The district court certified the class (consisting of recipients of advertising faxes from King Supply) and designated CE Design as class representative. We reversed the district court on the basis of various irregularities and remanded for further proceedings. CE Design Ltd. v. King Architectural Metals, Inc., 637 F.3d 721 (7th Cir.2011). On remand, CE Design and its coplaintiff agreed with King Supply to settle the case for $20 million, *724the limit of the insurance policies. Their agreement, made in September 2011 and approved by the district court in July of the following year, provided that only 1 percent of the judgment ($200,000) could be executed against King Supply. The rest would have to come from the insurance policies. It appears that if forced to pay more than $200,000 King Supply would have had to declare bankruptcy.

Upon learning of the proposed settlement (but not of all its terms, which the parties had agreed not to reveal to the insurers — we don’t understand the justification for such a provision, but it has no bearing on this appeal), the insurers filed a declaratory judgment action in Texas (King Supply’s principal place of business and also where the insurance policies had been issued), disclaiming coverage. The suit was dismissed for lack of jurisdiction over several of the parties, including CE Design, but a similar suit (though with the parties reversed) was filed in an Illinois state court and we were told at oral argument that that court has recently ruled that the insurance policies don’t cover King Supply’s liability under the Telephone Consumer Protection Act but that CE Design is appealing that decision.
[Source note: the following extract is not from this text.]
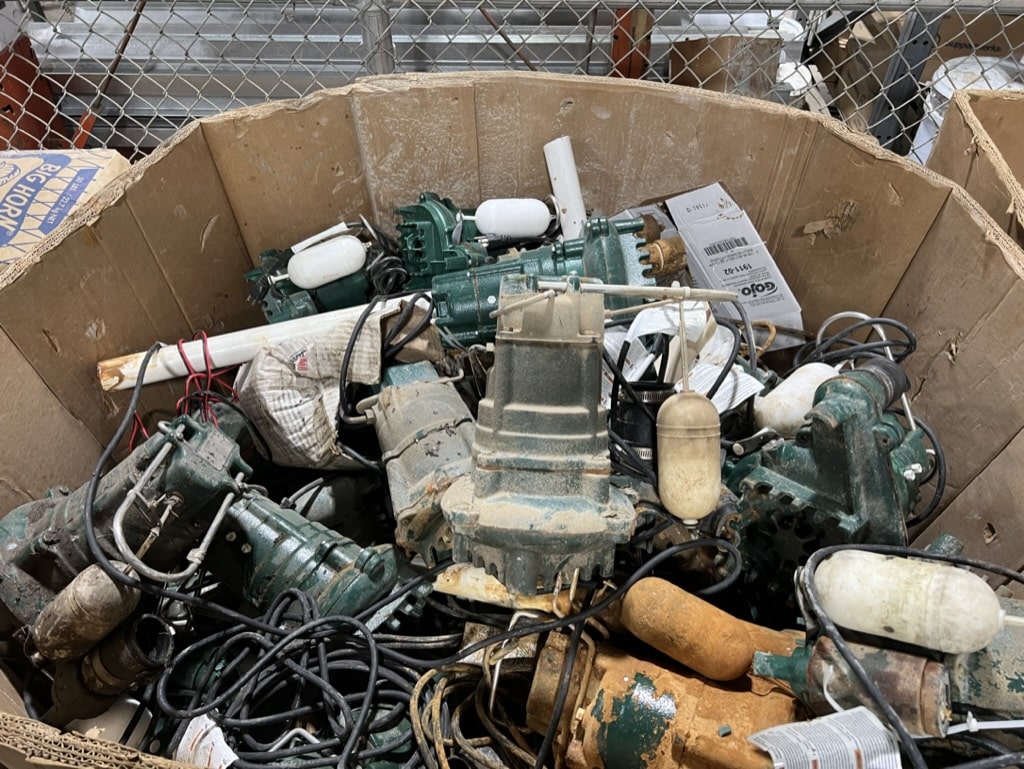 sump pump maintenance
In January 2012, after the settlement agreement in the present (the federal) case but before the district court approved it, the insurers moved to intervene in the case under Fed.R.Civ.P. 24(a) and (b). They hoped to persuade the district court to delay approval of the settlement until there was a state-court determination of whether they owed King Supply coverage, and also, if they failed to obtain a favorable determination in the state-court system, to persuade the district court (and if necessary our court on appeal) that the settlement was collusive and unreasonable and should therefore be rejected. The district court denied the motion to intervene as untimely. The insurers appeal.
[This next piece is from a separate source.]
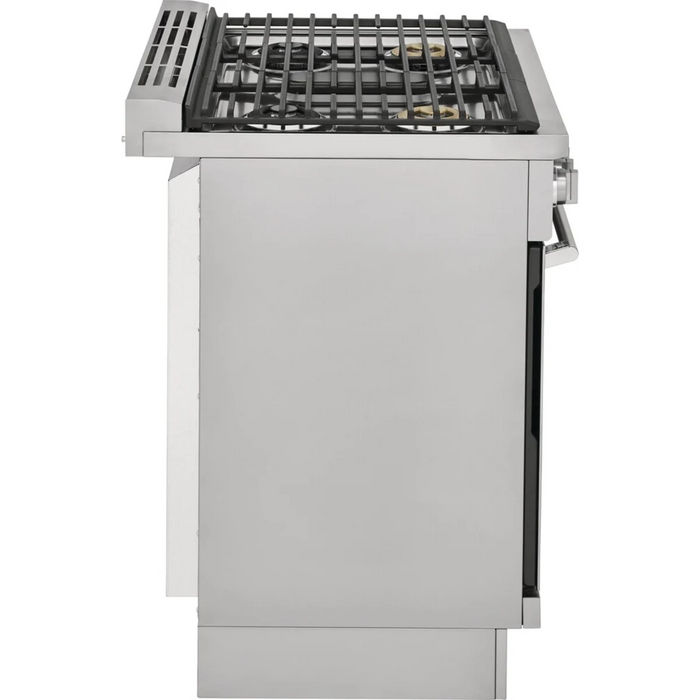 Electrolux 30" Freestanding Gas Range ECFG3068AS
The district court thought the insurers should have moved to intervene in 2009, when .they had disclaimed coverage of the claims that King Supply, their insured, had violated the Telephone Consumer Protection Act. For the insurers knew or should have known by then, the court said, that the parties to the TCPA suit — CE Design and King Supply — were likely to negotiate a settlement that would place liability on the insurers. For King Supply couldn’t afford more than the $200,000 that it agreed to pay the class out of its own pocket, and that left only the insurance policies as a source of compensation to the class — and neither class counsel nor the members of the class would care whose pocket the, settlement proceeds came out of. The insurers riposte that until they learned the terms of the settlement they had assumed their denial of coverage had taken them off the hook. And indeed, as we’ve noted, they’ve succeeded in persuading the Illinois trial court that their denial of coverage was justified. They don’t propose to repeat in the federal proceeding their challenge to coverage; rather they seek intervention in order to challenge the settlement as improper because the amount — the $20 million — so greatly exceeds King Supply’s ability to compensate the class (and class counsel), and also because it overstates the value of the plaintiffs’ claims. The insurers argue that King Supply sold them down the river by failing to defend against class counsel’s $20 million money grab. They say that at first King Supply had fought the class action suit and so they had no incentive to intervene (and incur legal fees). They argue in short that the settlement is improper because it is the product of betrayal by King Supply and because they were denied prompt disclosure of its terms.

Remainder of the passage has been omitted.